Re: Last stored value metadata table

2020-11-10 Thread Gábor Auth
Hi,

On Tue, Nov 10, 2020 at 6:29 PM Alex Ott  wrote:

> What about using  "per partition limit 1" on that table?
>

Oh, it is almost a good solution, but actually the key is ((epoch_day,
name), timestamp), to support more distributed partitioning, so... it is
not good... :/

-- 
Bye,
Auth Gábor (https://iotguru.cloud)


Re: Last stored value metadata table

2020-11-10 Thread Alex Ott
What about using  "per partition limit 1" on that table?

On Tue, Nov 10, 2020 at 8:39 AM Gábor Auth  wrote:

> Hi,
>
> Short story: storing time series of measurements (key(name, timestamp),
> value).
>
> The problem: get the list of the last `value` of every `name`.
>
> Is there a Cassandra friendly solution to store the last value of every
> `name` in a separate metadata table? It will come with a lot of
> tombstones... any other solution? :)
>
> --
> Bye,
> Auth Gábor
>


-- 
With best wishes,Alex Ott
http://alexott.net/
Twitter: alexott_en (English), alexott (Russian)

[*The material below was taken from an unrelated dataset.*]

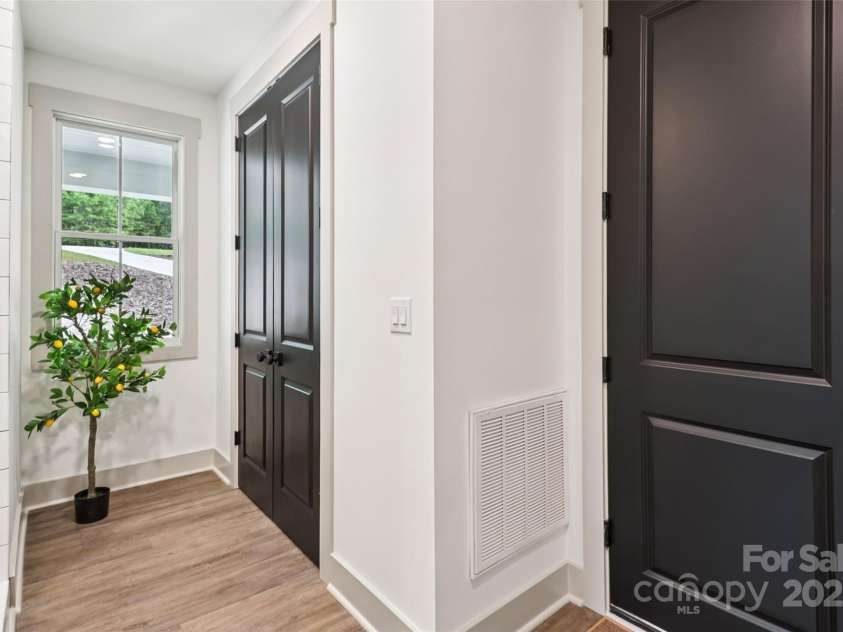 416 Plantation Way, Mount Gilead, NC 27306.  MLS# CAR4270243, YatesRealty ID 26658. Mudroom with shower and Garage Entry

Re: Last stored value metadata table

2020-11-10 Thread Gábor Auth
Hi,

On Tue, Nov 10, 2020 at 5:29 PM Durity, Sean R 
wrote:

> Updates do not create tombstones. Deletes create tombstones. The above
> scenario would not create any tombstones. For a full solution, though, I
> would probably suggest a TTL on the data so that old/unchanged data
> eventually gets removed (if that is desirable). TTLs can create tombstones,
> but should not be a major problem if expired data is relatively infrequent.
>

Okay, there are no tombstones (I misused the term) but every updated
`value` are sitting in the memory and on the disk before the next
compaction... Does it degrade the read performance?

-- 
Bye,
Auth Gábor (https://iotguru.cloud)


RE: Last stored value metadata table

2020-11-10 Thread Durity, Sean R

Hi,

On Tue, Nov 10, 2020 at 3:18 PM Durity, Sean R 
mailto:sean_r_dur...@homedepot.com>> wrote:
My answer would depend on how many “names” you expect. If it is a relatively 
small and constrained list (under a few hundred thousand), I would start with 
something like:

At the moment, the number of names is more than 10,000 but not than 100,000.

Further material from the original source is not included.